Evaluating the disadvantage “the hire fails” for Option A (full-time hire) from the previous example:

  • Probability of Occurrence: 30 (about a 30% chance)
  • Impact Level: 70 (moderate waste of personnel costs, negative impact on the team)

Quantifying in this way allows for concrete comparison: “The risk of a failed hire has a moderate chance of occurring, but the damage if it happens is significant.” Instead of abstractly debating “the risk is high” in meetings, it enables substantive discussion: “Which risk do we take—one with a probability of 40 and impact of 60, or one with a probability of 10 and impact of 90?”

Step 3: Record the “Reason for Adoption” and “Reason for Rejection” as a Set

Let’s say you ultimately choose Option A. At that point, don’t just record “Adopted Option A.” Be sure to record the following three points together:

  1. Final Chosen Option: Option A
  2. Reason for Choosing (Decision Criteria): “Mid-to-long-term talent development is necessary, which cannot be covered by the temporary solution of Option B. Judged that efficiency improvements alone (Option C) cannot handle the current workload.”
  3. Rejected Options and Reasons: “Option B has lower short-term cost, but poses challenges regarding organizational belonging. Option C is ideal, but considering current work pressure, the risk (probability 80, impact 50) is too high.”

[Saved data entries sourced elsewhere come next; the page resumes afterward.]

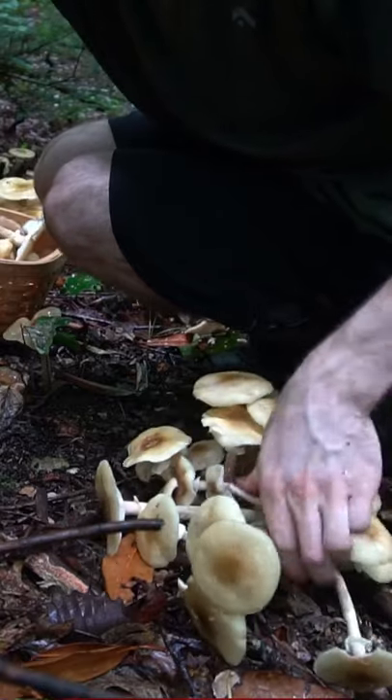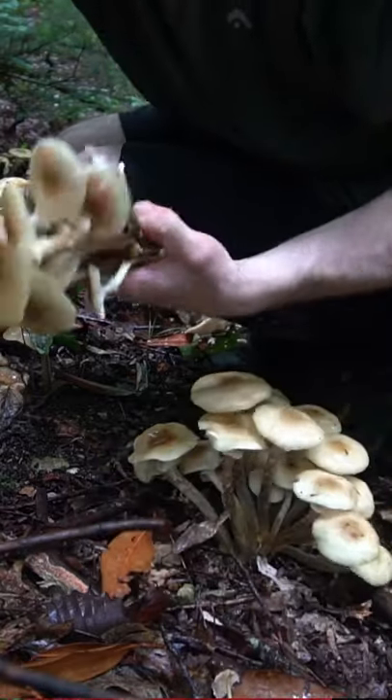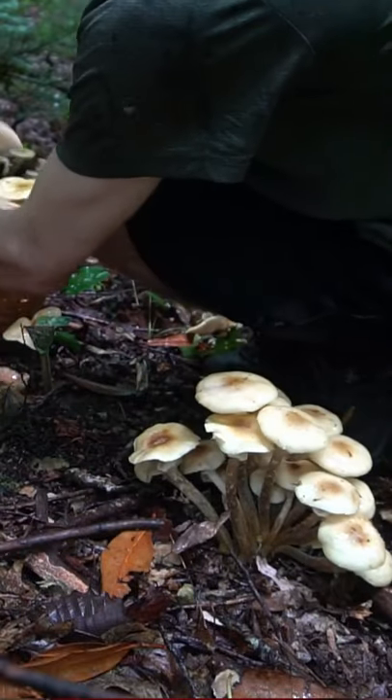I have a video on my YouTube on honey mushroom identification, but I'll also create another TikTok on how to identify these mushrooms because they can be tricky.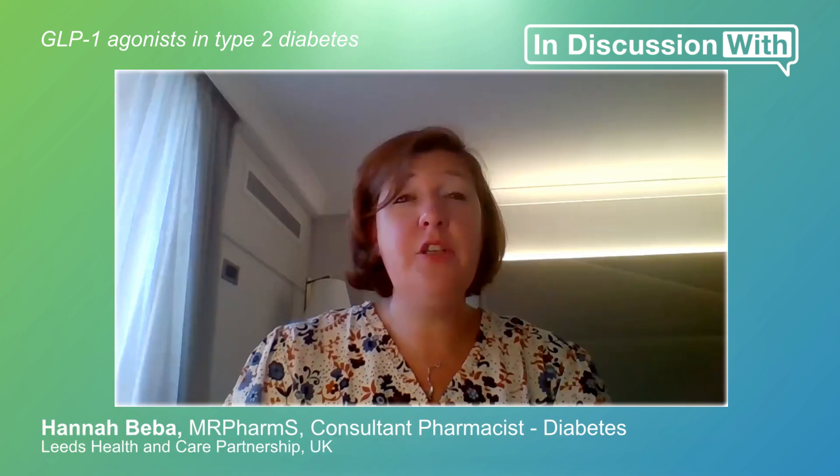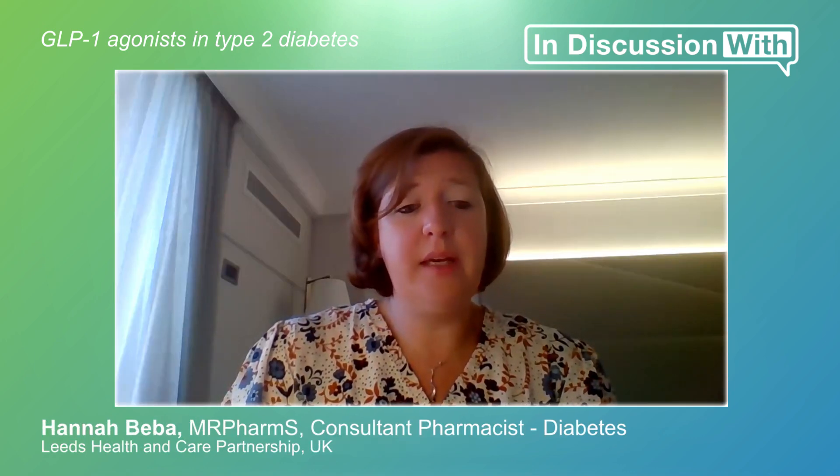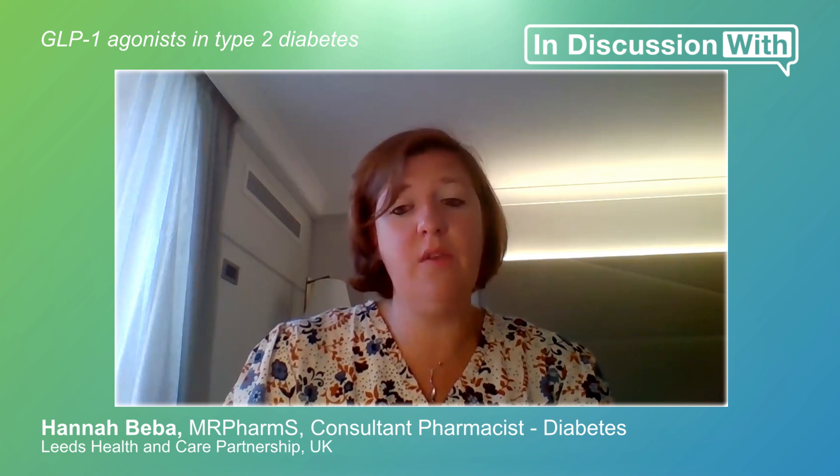Now I want to focus on GLP-1 agonists. They've been in the news a lot lately and I'm hoping that you can put them into perspective for us. Can we start with a brief recap? What do GLP-1 agonists do for people with diabetes? GLP-1 agonists have been around for a good while now. We started off with some pretty basic molecules that had to be injected more than once a day and we're getting now to these weekly subcutaneous injections.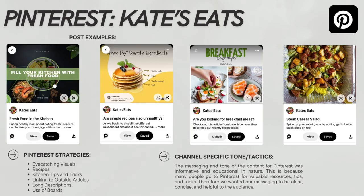Finally, Pinterest — these are some examples, and my strategies were to use more eye-catching visuals to share recipes, share tips and tricks, as well as links to outside articles, longer descriptions, and use of boards to organize information. My messaging for this account was much more informative and educational in nature, because a lot of people use Pinterest as a resource for tips and tricks rather than entertainment. So I wanted my messaging to be clear, concise, and helpful.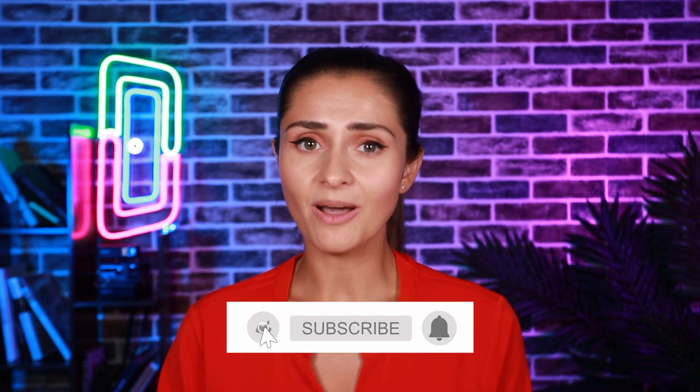Thank you for watching this video. Just a disclaimer: I work at DoorLoop, therefore my opinions may be biased. If you found this video helpful, please like, comment, and subscribe. Also, don't forget to check out these videos for more property management content.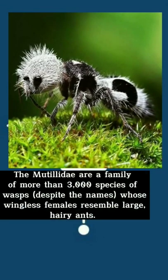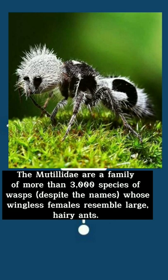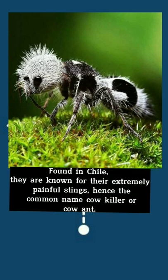The panda ant — the Mutillidae are a family of more than 3,000 species of wasps, despite the name, whose wingless females resemble large hairy ants. Found in Chile, they are known for their extremely painful stings, hence the common name cow killer or cow ant.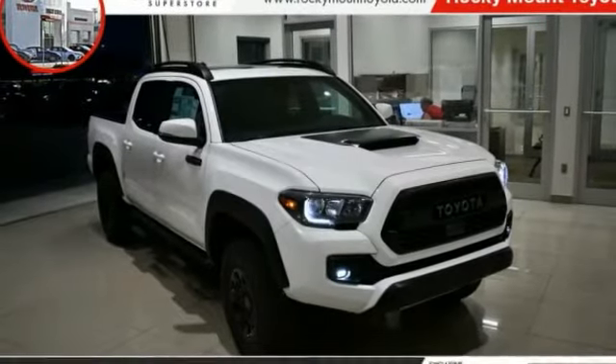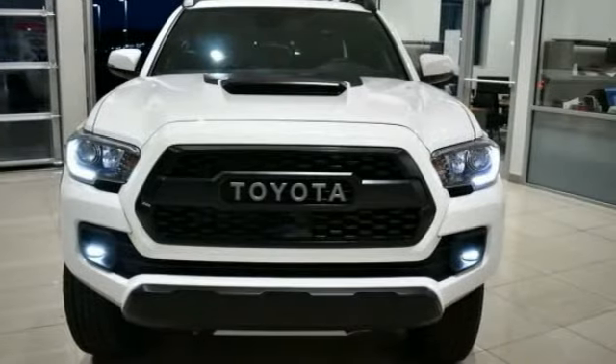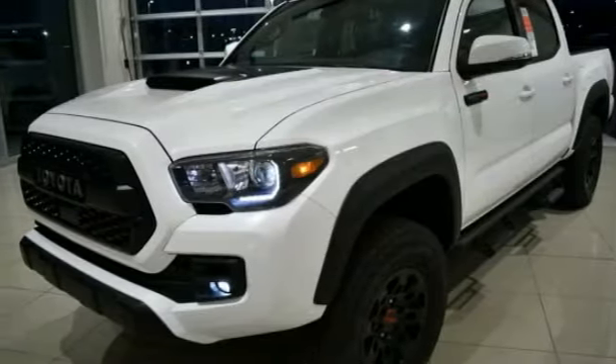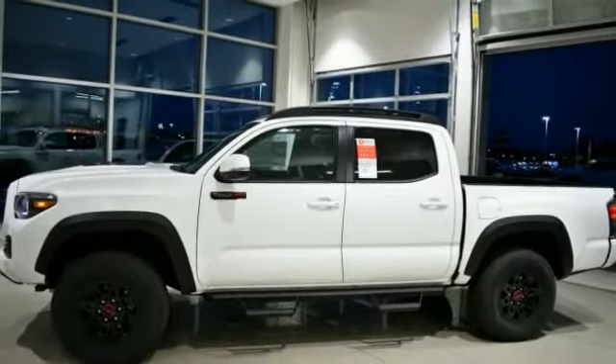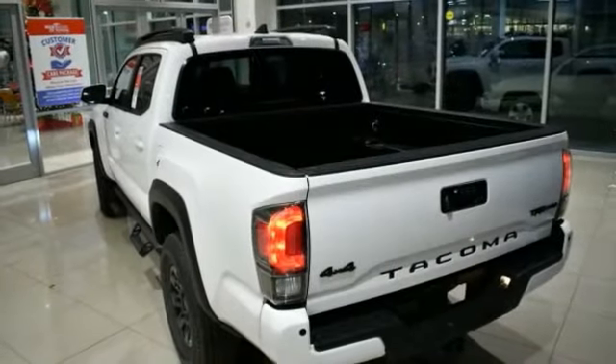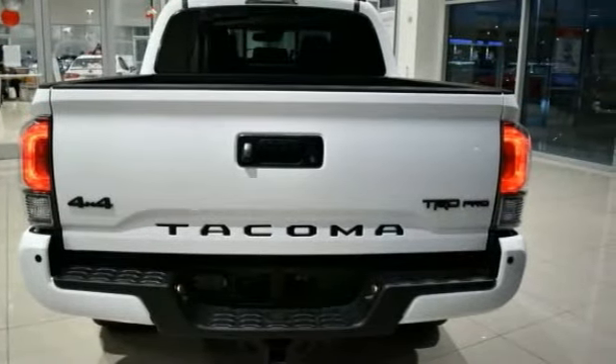Make a great choice today with the 2019 Tacoma. Toyota Tacoma boasts a roomy interior, a powerful V6 option, and excellent off-road capability, and has been named the best-selling compact pickup by MotorIntelligence.com five years in a row.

This record is the greatest gift to your future self or your successor. When circumstances change, it provides a clear basis for updating the decision: “Back then, we chose Option A based on the need for ‘mid-to-long-term talent development.’ The situation is different now, so Option B might be more appropriate.”

The 3 Organizational Values Created by “Decision Records”

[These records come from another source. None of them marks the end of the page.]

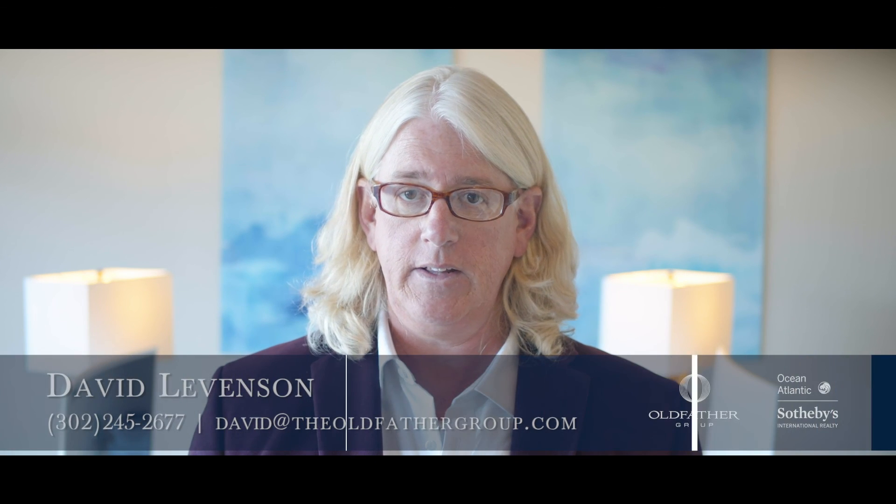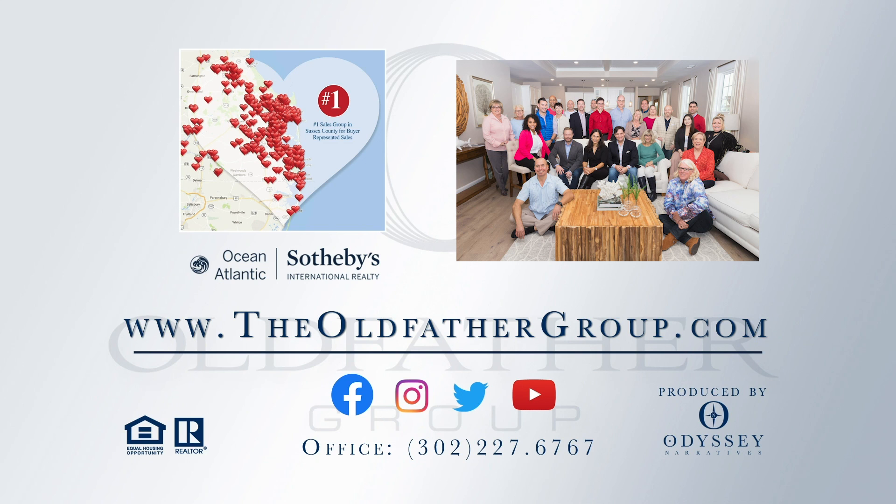For more information on this property and to discover our guaranteed sales program, call, text, or email me, or visit us at theoldfathergroup.com.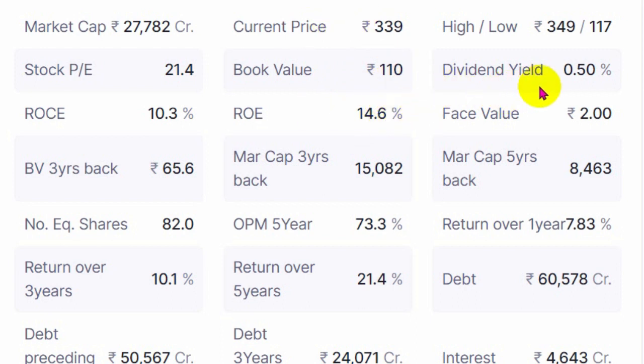The stock is a little expensive. Dividend yield is less than or almost half a percent. Return on capital employed is 10% and return on equity is 14.6%. Generally NBFCs would have low ROE and ROCE because they work with high leverage. Face value is 2. Book value three years back was 65 and currently it is at 110 rupees, so it has managed to increase its book value. Market cap three years back was 15,000 crores and five years back was 8,000 crores.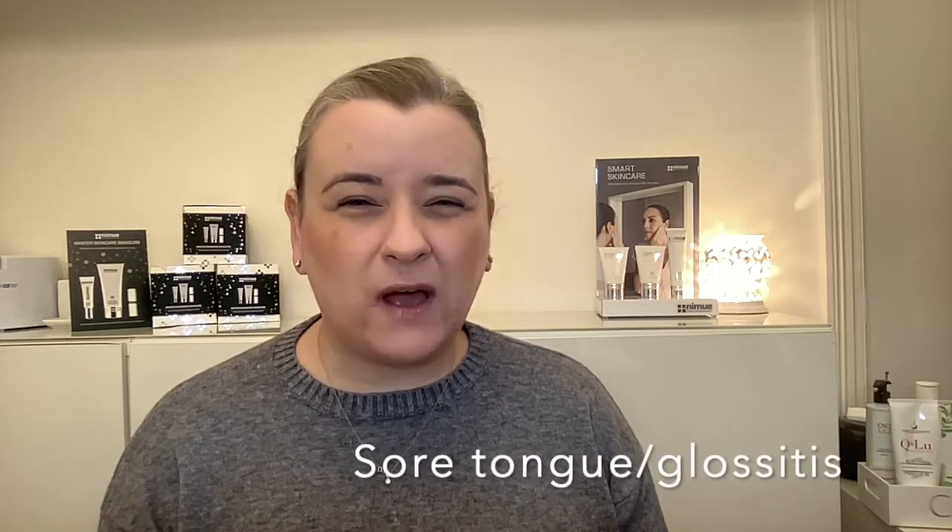Sore and red tongue — things like mouth ulcers and mouth problems. I didn't get this myself, but when I look back at video I took of myself during this, you can see my lips are actually quite a bright red colour with no product on, so I must have been having some kind of inflammation in the mouth area. I just hadn't noticed it because my other symptoms were so bad — a sore mouth was just the last thing on my mind. But certainly things like mouth ulcers and a sore red shiny tongue are definitely a sign of a B12 deficiency.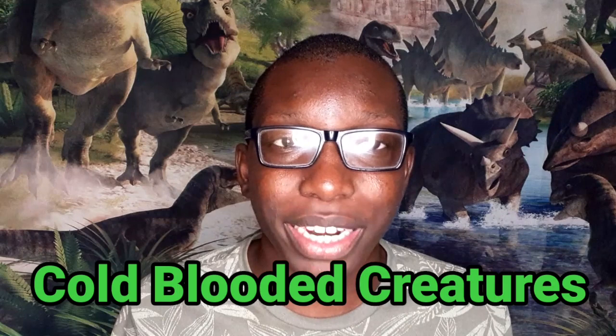The controlling of body temperature is known as metabolic heat production, and it's common in mammals and birds, especially us humans since we humans are mammals. Reptiles, amphibians, and fish might not have had the ability to do that since they were cold-blooded creatures.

When this seemingly tedious habit takes root, the following changes emerge within the organization.

Value 1: From “Personalization” to “Systematization” of Decision-Making

By visualizing the decision-making process, the quality of decisions, once dependent on the individual leader’s capability, accumulates as an organizational asset. New members can also quickly learn the company’s decision criteria by reading past decision records.

Value 2: Improved Psychological Safety and Clarified Responsibility

Because “why that option was chosen” is recorded, even if the outcome later turns out poorly, it enables constructive discussion focused on “verifying the conditions at the time of that decision” rather than blaming an individual. This enhances team psychological safety and encourages more challenging decisions.

Value 3: Function as “Proof” for Governance

If you are ever asked for an explanation by an external party, this record serves as powerful evidence that “our company made a decision based on a rational process after considering available options.” Compliance and governance are not just about following rules; they are about creating a state where you can explain the “rationality of your judgments” in this way.

Before / After: The Change in a Leader Who Records

Before (No Recording):
Chased by daily decisions, repeating “the best for the moment.” Relies on memory for past decision reasons, struggles with similar problems. When issues arise, tends to search memory for defensive excuses. Organizational decision-making know-how remains tacit knowledge.

After (Recording Habit Established):
The habit of pausing to consider options before important decisions becomes ingrained. The basis for decisions becomes clear, allowing awareness of one’s own thinking patterns. Team discussions shift to productive “comparison of options.” Past records make future decisions faster and more reliable. Explanations to external parties can also be forward-looking and fact-based.

Strengthening governance does not start with creating thick manuals. It reliably begins today by making each of your decisions “visible” and improving their quality. Major, news-making failures are born from the accumulation of such daily, “unrecorded judgments.” Start by trying these “3 steps” with just one agenda item in your next meeting. From there, you will build the foundation of an autonomous, strong organization that is not swayed by the news.